Segment Open

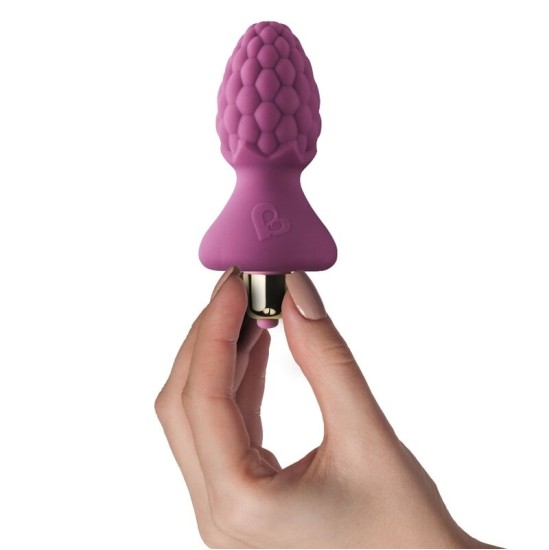 Rocks-Off ASSBERRIES RASPBERRY VIBRATING BUTT PLUG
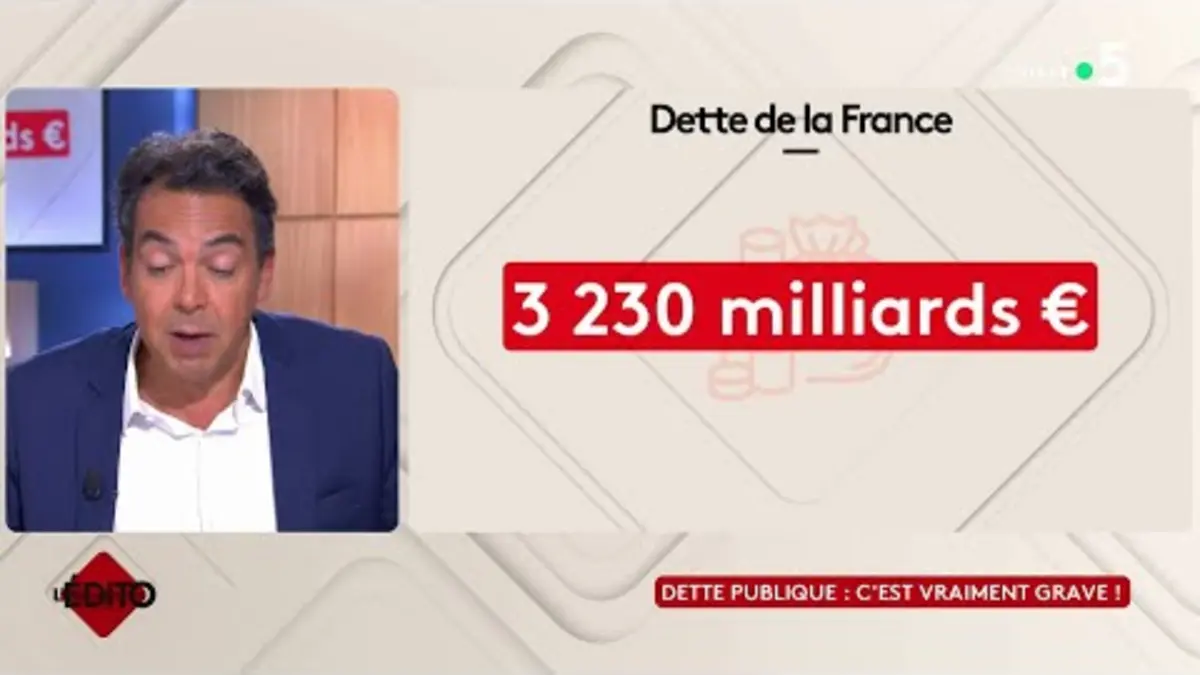 replay de Dette publique : c’est vraiment grave ! - L’édito de Patrick Cohen - C à vous - 27/09/2024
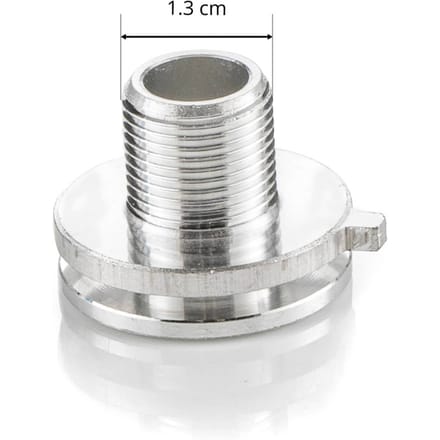 GLOBAL Aluminiumnippel voor stroomrailadapter, M 13 x 1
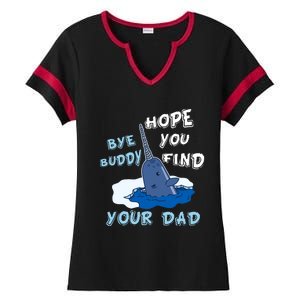 Elf Christmas Bye Buddyhopeyoufind Your Dad Hoodie Ladies Halftime Notch Neck Tee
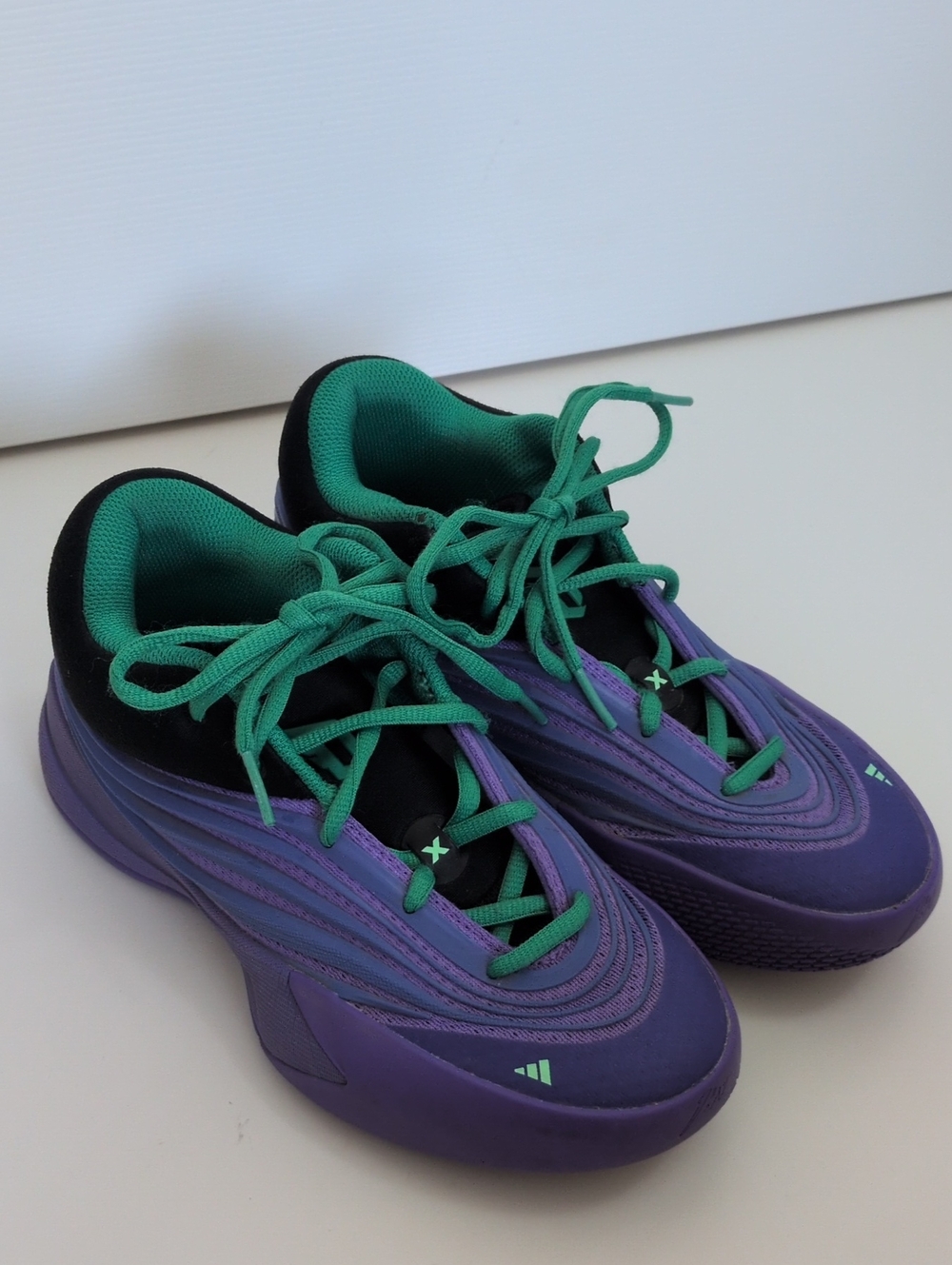 Adidas Dame X Basketball Shoes - Purple, Green & Black - 5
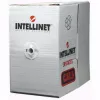 Intellinet sieťový Cat6 kábel vo veľkom balení, 23 AWG, plný drôt, 305 m, sivý, CCA, U/UTP, box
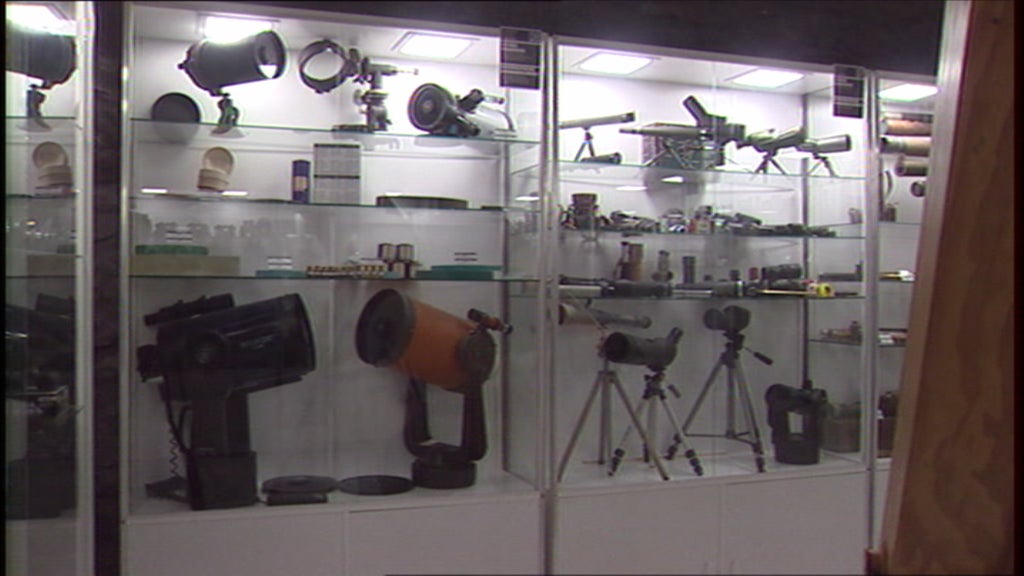 Exposição no primeiro Museu da Ótica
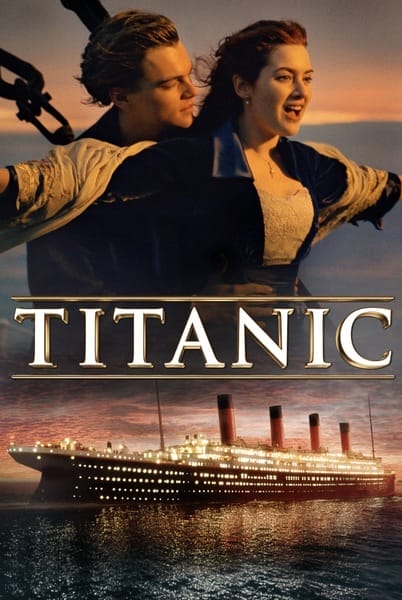 A poster for the movie "Titanic" showing what the Trajan font looks like in use.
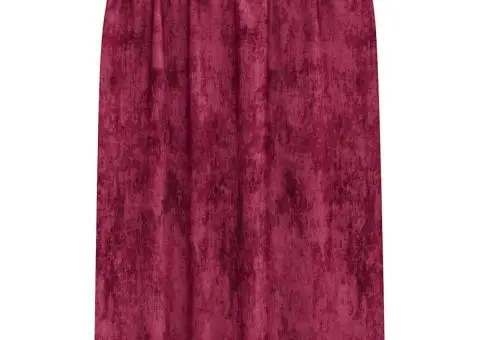 Cortine din catifea , set de 2 piese, cu ochiuri, roșu vin, 175 x 140 cm - 3/5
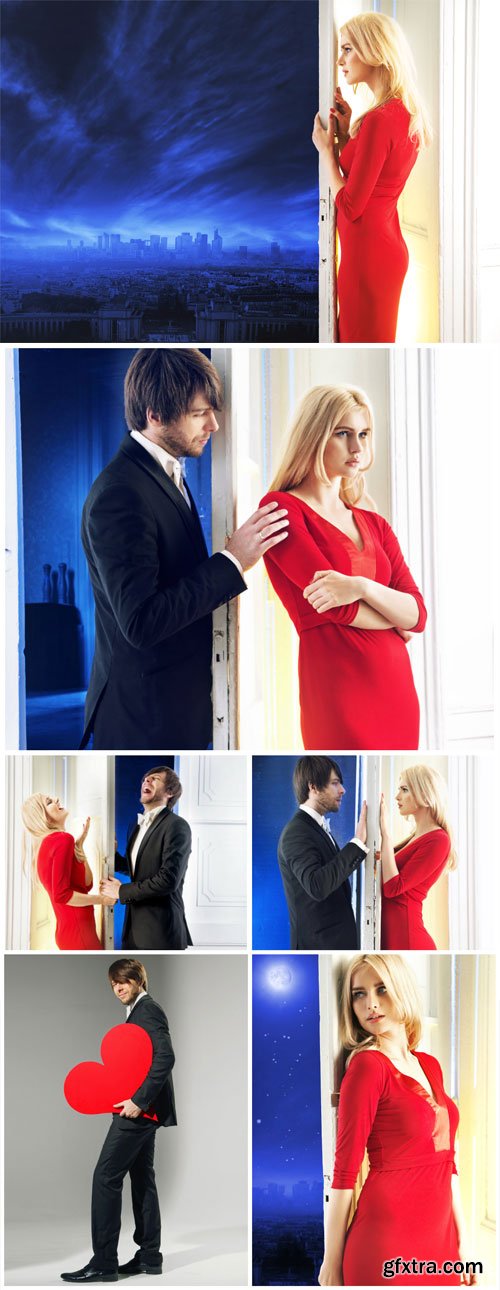 Man and woman, couple - stock photos Man and woman, couple - stock photos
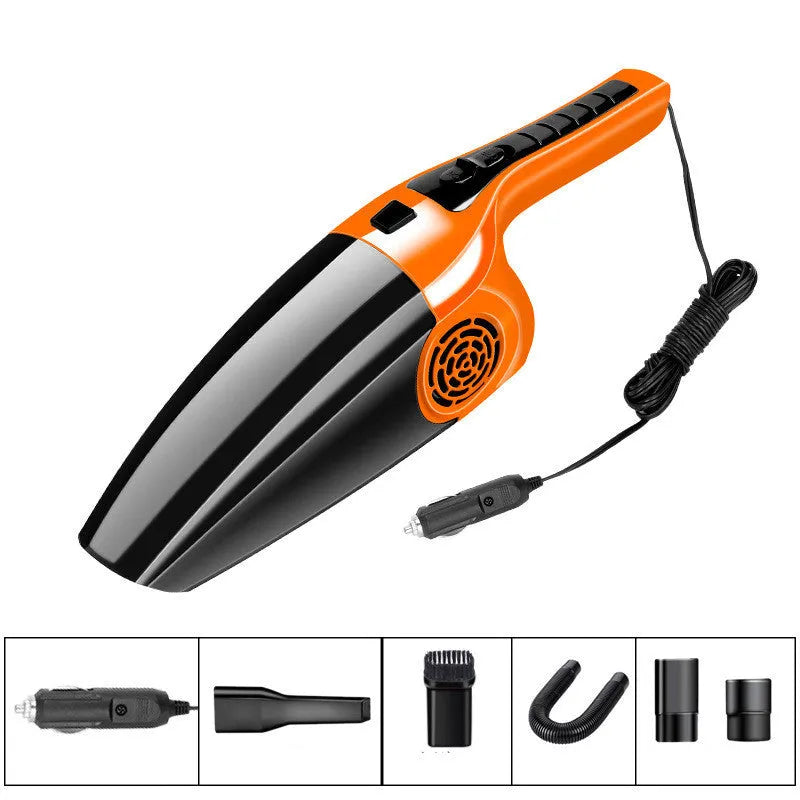PoHigh Hypa eighth generation black car vacuum cleaner with cigarette lighter plug
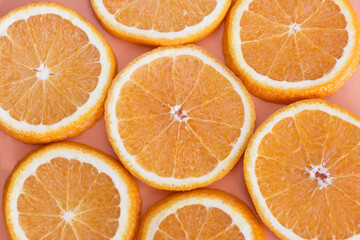 Round orange sliced orange slices.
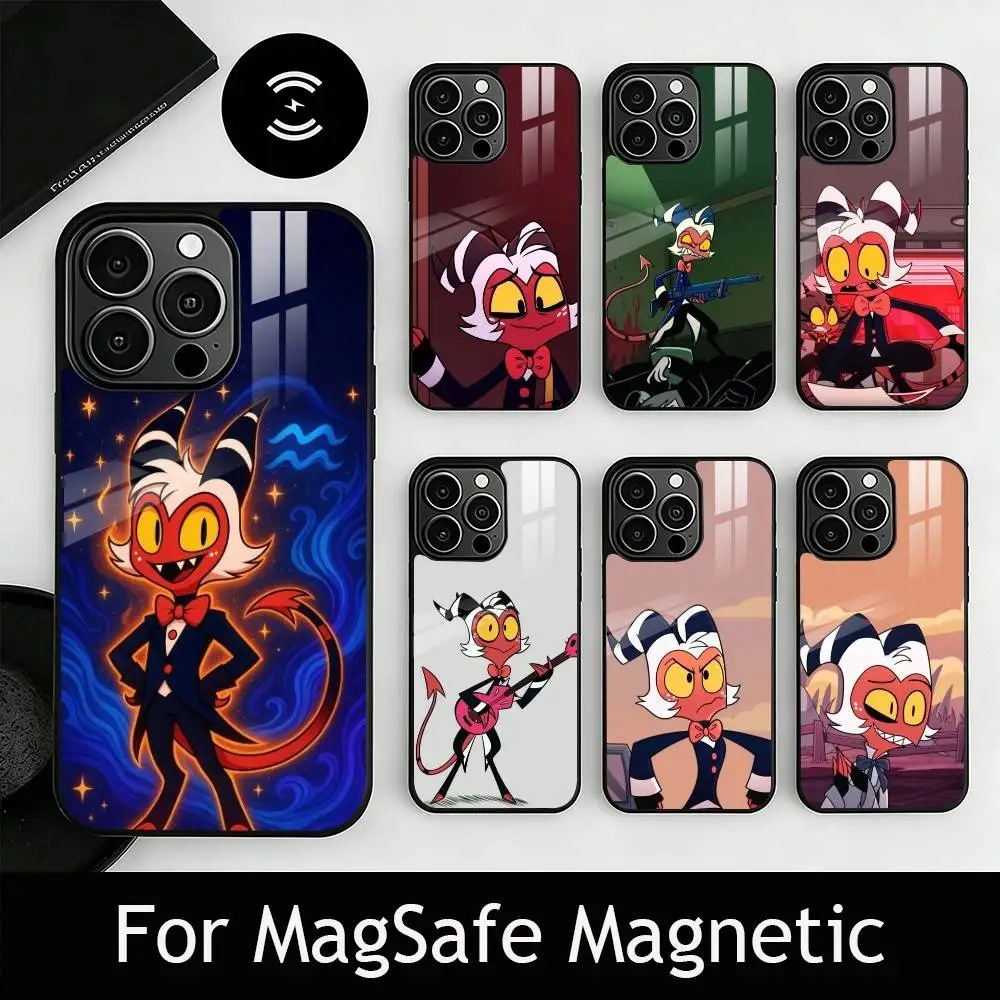 

H-Helluva B-Boss M-Moxxie Phone Case For iPhone17,16,15,14,13,12,11 Plus,Pro Magnetic For Magsafe Wireless Charging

Segment Closed

How to complete this task. Word for word and without any pictures, return all of the lines above.

Response.
 Rocks-Off ASSBERRIES RASPBERRY VIBRATING BUTT PLUG
 replay de Dette publique : c’est vraiment grave ! - L’édito de Patrick Cohen - C à vous - 27/09/2024
 GLOBAL Aluminiumnippel voor stroomrailadapter, M 13 x 1
 Elf Christmas Bye Buddyhopeyoufind Your Dad Hoodie Ladies Halftime Notch Neck Tee
 Adidas Dame X Basketball Shoes - Purple, Green & Black - 5
 Intellinet sieťový Cat6 kábel vo veľkom balení, 23 AWG, plný drôt, 305 m, sivý, CCA, U/UTP, box
 Exposição no primeiro Museu da Ótica
 A poster for the movie "Titanic" showing what the Trajan font looks like in use.
 Cortine din catifea , set de 2 piese, cu ochiuri, roșu vin, 175 x 140 cm - 3/5
 Man and woman, couple - stock photos Man and woman, couple - stock photos
PoHigh Hypa eighth generation black car vacuum cleaner with cigarette lighter plug
 Round orange sliced orange slices.

H-Helluva B-Boss M-Moxxie Phone Case For iPhone17,16,15,14,13,12,11 Plus,Pro Magnetic For Magsafe Wireless Charging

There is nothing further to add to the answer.